Cela fait sept ans que je suis conseiller municipal et cela fait sept ans que je vois notre société se déliter sans pouvoir influencer sur le cours des événements. L’organe n’engendre pas forcément la fonction. Un élu de la République doit se considérer comme garant de nos valeurs républicaines et de la bonne application de notre Constitution et de la Déclaration des Droits de l’Homme et du Citoyen. Les élus ne doivent servir d’alibi à un État qui demande à ses citoyens d’appliquer et de respecter l’ensemble de ces valeurs quand lui-même ne le fait pas. Ces dernières semaines post-attentats en sont la démonstration même, avec un « patriot act » qui ne dit pas son nom.
Vous avez réussi médecine et vous vous êtes spécialisé en chirurgie urologique. Le fait d’être de confession musulmane a-t-il été un frein et depuis un mois, vous a-t-on stigmatisé ?
Globalement, non. Le fait d’être musulman ne m’a pas plus freiné qu’un autre. J’ai eu quelques rencontres au sein de la profession qui étaient clairement teintées d’islamophobie ou de racisme anti-arabe, mais les heureuses rencontres, dont certaines se sont transformées en belles amitiés, ont été beaucoup plus nombreuses. La vie n’est un long fleuve tranquille pour aucun de nous. Depuis un mois, (je n’ai subi) absolument aucun incident et même (au contraire) quelques marques de solidarités spontanées très touchantes.

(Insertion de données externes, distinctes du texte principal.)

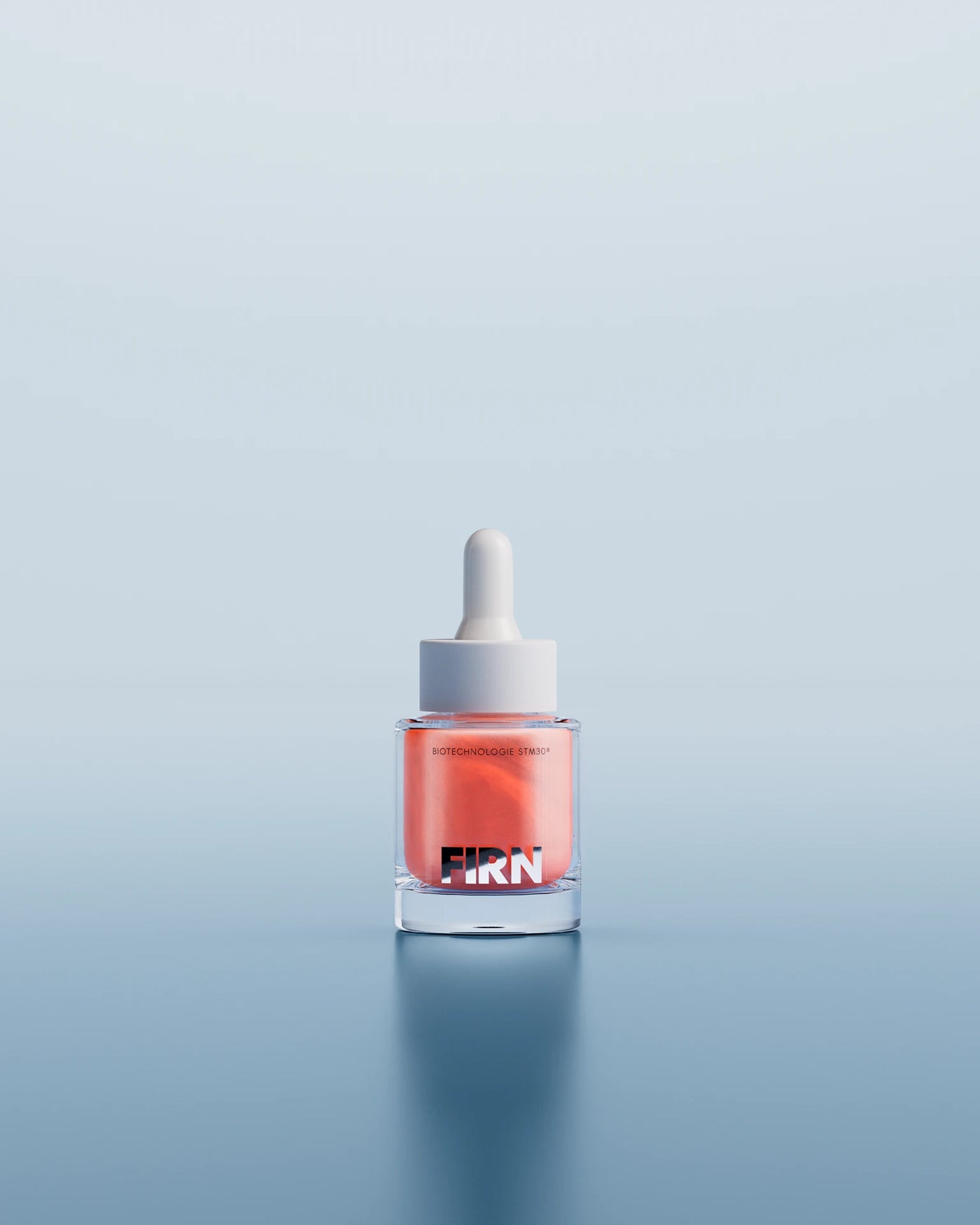 DROPS RÉGÉNÉRANTES REPULPANTES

Ceci illustre bien mes propos : le problème n’est pas le peuple de France mais bien son État qui n’est tout simplement pas à la hauteur du peuple dont il a la responsabilité des affaires.

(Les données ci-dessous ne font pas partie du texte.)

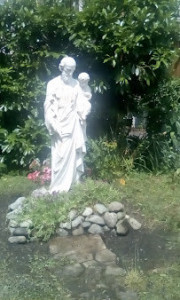 Couvent Saint Joseph photo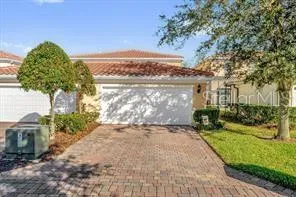 11932 LORENZA LANE Orlando, FL 32827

Force est de constater que cet État qui est particulièrement exigeant avec ses citoyens l’est beaucoup moins avec lui-même et ce ne sont pas les résultats du chômage ou bien sa gestion de la politique de la santé qui me contredira. Concernant la gestion de la place de l’islam de France, le même constat d’échec est à faire. Le peuple est souverain et l’unique raison d’être de l’État est de le servir dans le respect des valeurs républicaines. Malheureusement, beaucoup trop de nos concitoyens, musulmans ou non d’ailleurs, ne sont pas logés à cette enseigne. Au bout du compte, ce que nous demandons est plus de valeurs républicaines et plus de laïcité sur le maximum de territoires de notre pays et pour le plus grand nombre de nos concitoyens.
Parleriez-vous d’un apartheid médical comme vous parlez d’un apartheid médiatique et politique dans votre tribune ?

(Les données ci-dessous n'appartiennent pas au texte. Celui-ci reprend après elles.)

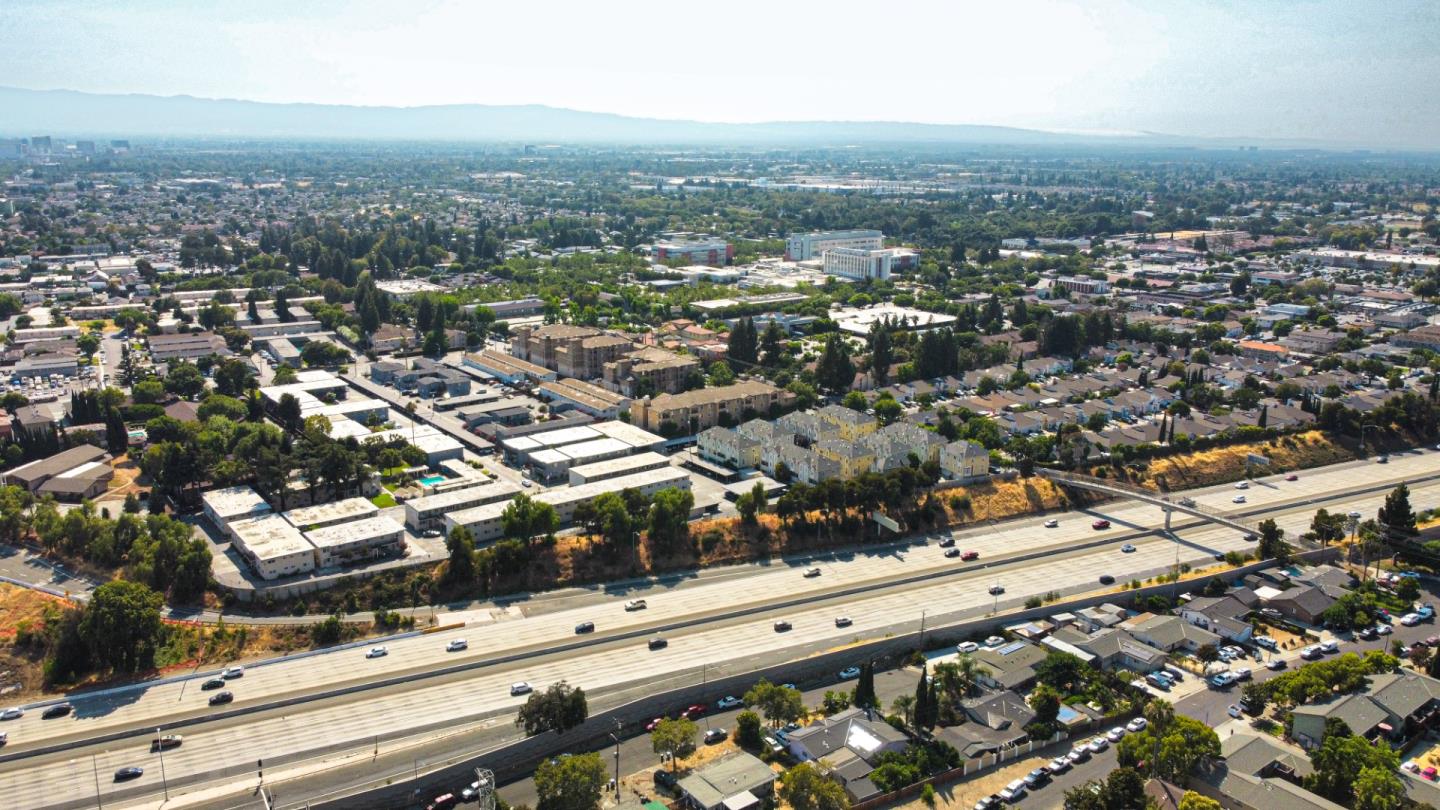 Detail Gallery Image 26 of 28 For 114 Monte Verano Ct, San Jose,  CA 95116 - 2 Beds | 1 Baths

En aucun cas. La médecine est ce territoire où la vie et le respect de l’être humain prennent tout leur sens. Pour avoir pratiqué régulièrement à l’étranger, j’ai pu constater que la médecine française est une des meilleures du monde. Une médecine d’une telle qualité ne peut en aucun cas être le fruit d’une mentalité d’apartheid.